Economia e Commercio VS Odontoiatria

Ora, io mi rendo conto che se uno avesse voluto fare l’imprenditore o l’amministratore delegato avrebbe studiato Economia e Commercio e non Odontoiatria o Medicina.

Capisco anche che possa essere pesante, dopo 8/10/12 ore passate al riunito, l’idea di mettersi a studiare cose noiose come principi base di management, analisi di bilancio, leadership e tutta un’altra serie di cose, oltre agli aggiornamenti tecnici del proprio mestiere.

Comprendo bene il pensiero «se le cose sono andate bene fino a qui… chi me lo fa fare di buttare anima e corpo a imparare cose nuove che poi chissà se funzionano»…

Tutto questo è vero, come è vero che anche un motore ben rodato può rompersi, come è vero che anche un corpo che ha appena fatto il record della maratona può ammalarsi, come è certo che realtà economiche di successo a un certo punto, improvvisamente, sono fallite.

Professionalmente Organizzata

Quindi, se la fortuna, la tua bravura, il mercato, la location o qualsiasi altro fattore ti hanno portato a essere un odontoiatra/imprenditore hai due possibilità:

  1. Molli tutto! Sì, hai capito bene, molli il colpo e torni ad avere uno studio monopoltrona e vivi la tua vita da odontoiatra con serenità.
  2. Ti ci metti davvero! Se sei arrivato ad avere un’impresa, fai l’imprenditore, il leader, il manager! Prendi il coraggio a due mani e inizia a dirigere la tua azienda, organizzati e organizza la tua attività. Diventa un professionista dell’imprenditoria, oltre che dell’odontoiatria.

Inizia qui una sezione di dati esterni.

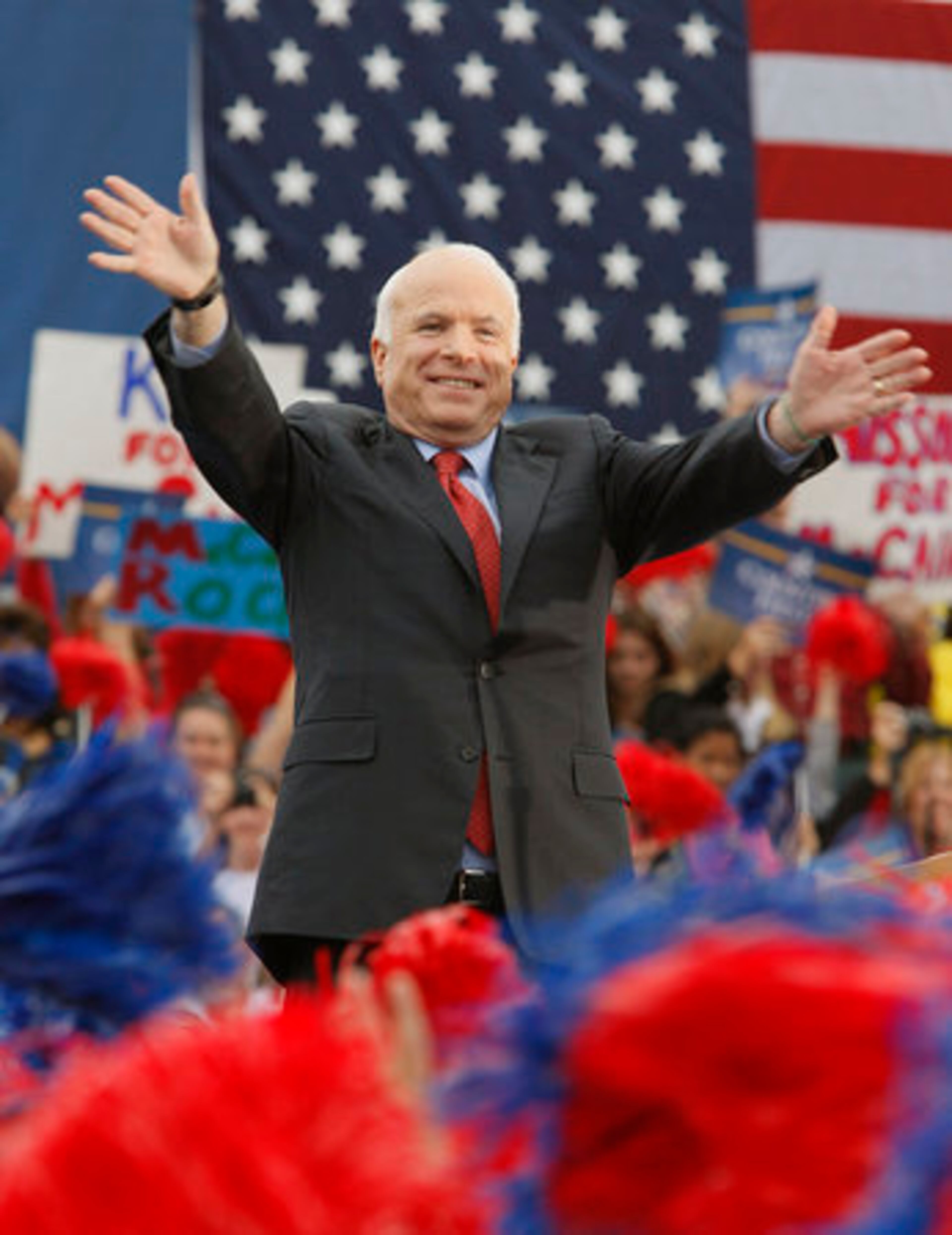 Backed by a large American flag, McCain acknowledges the cheers of his supporters in Belton, Mo. as the senior U.S. Senator from Arizona eyes the White House. "My country has never had to prove anything to me. I have always had faith in it," McCain said during an Ohio rally in October 2008. "If I'm elected President, I will fight to shake up Washington and take America in a new direction from my first day in office until my last. I'm not afraid of the fight, I'm ready for it."
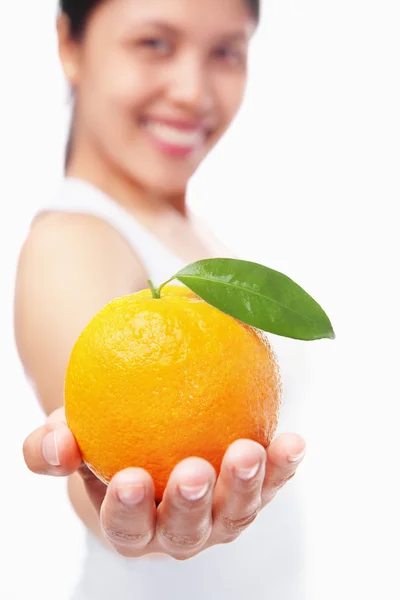 Woman holding orange — Stock Photo, Image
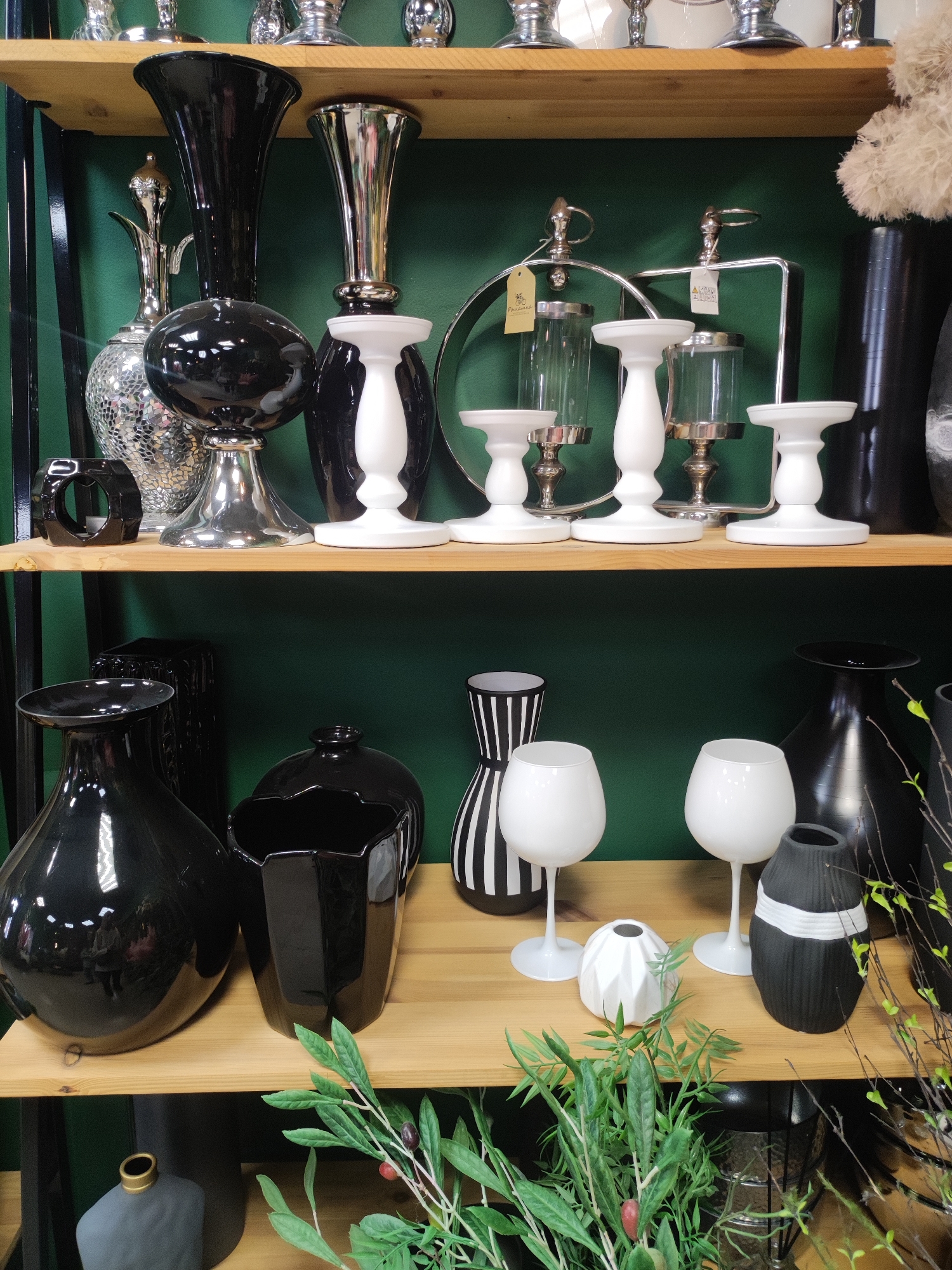 The image shows a shelf display of decorative vases and candle holders, predominantly in black, white, and silver. The top shelf features an assortment of black vases, silver candle holders, and white pedestals. The bottom shelf displays various black vases of different shapes and sizes, two white wine glasses, and two small black and white decorative objects, alongside artificial greenery with olives. The background is a solid dark green. The location and presence of people cannot be determined from this image. It's not possible to confirm if this display is located in the city of Votkinsk, Russia based on visual evidence alone.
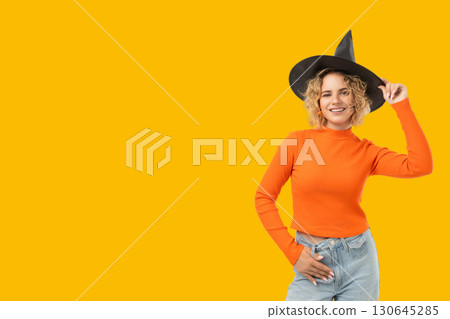 Cheerful woman in orange sweater and witch hat enjoying Halloween 130645285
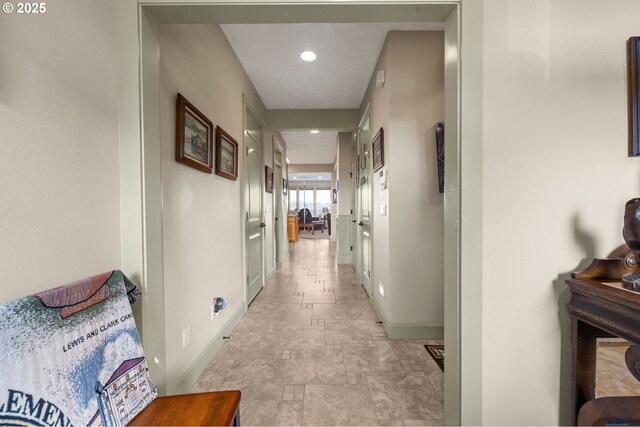 12 NW 17th Pl, Warrenton, OR 97146 - hallway featuring baseboards and stone finish flooring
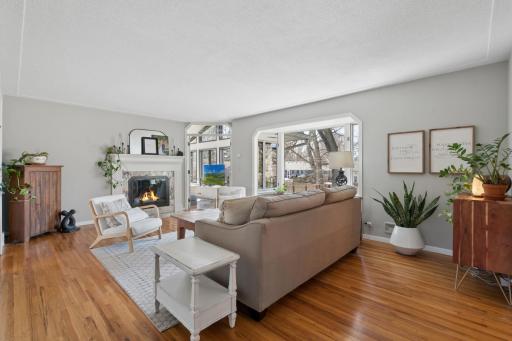 The fireplace makes this living space feel cozy & comfortable.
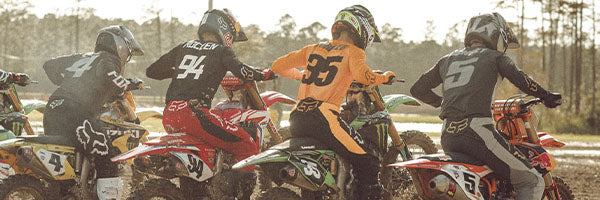 four motocross riders pulling away from the starting gate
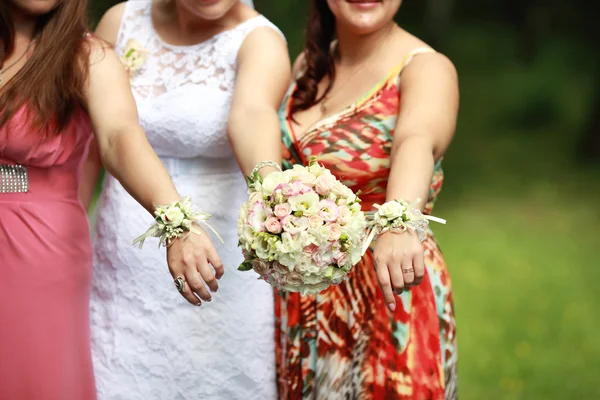 Las manos de la novia y sus amigos y las flores de la boda — Foto de Stock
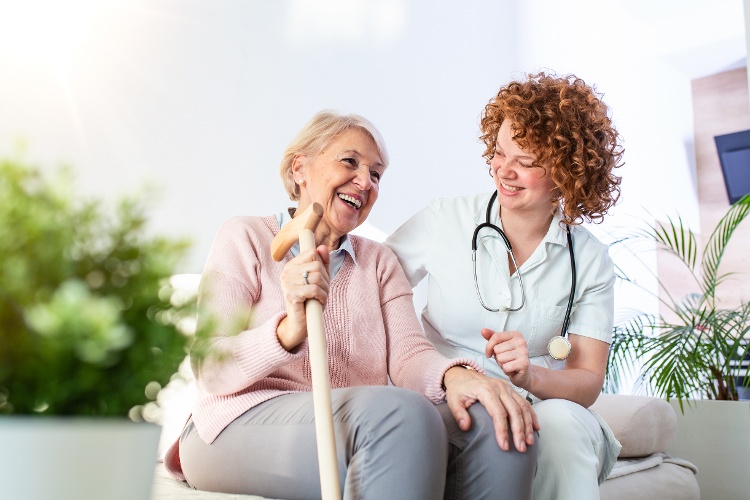 friendly-relationship-smiling-caregiver-uniform-happy-elderly-woman-supportive-young-nurse-looking-senior-woman-1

Tutte le altre soluzioni sono solo palliativi e non potranno che complicarti la vita, complicare la vita dei tuoi collaboratori e dipendenti e dei tuoi pazienti.

Gualtiero Tronconi

La domanda che tutti si fanno

Perché dovrei farmi curare da te?

Questa è la domanda che tutti si fanno, esplicitamente o meno, parlando con un medico e da qui il quesito più direttamente utile per noi: come sceglie il paziente a quale professionista affidarsi?

La risposta sbagliata

Quindi: perché dovrei farmi curare da te?

Da medici, ma non solo, la risposta che potreste darmi è: «Ho studiato XX anni, mi sono laureato all’Università XX, ho fatto XX corsi di specializzazione…».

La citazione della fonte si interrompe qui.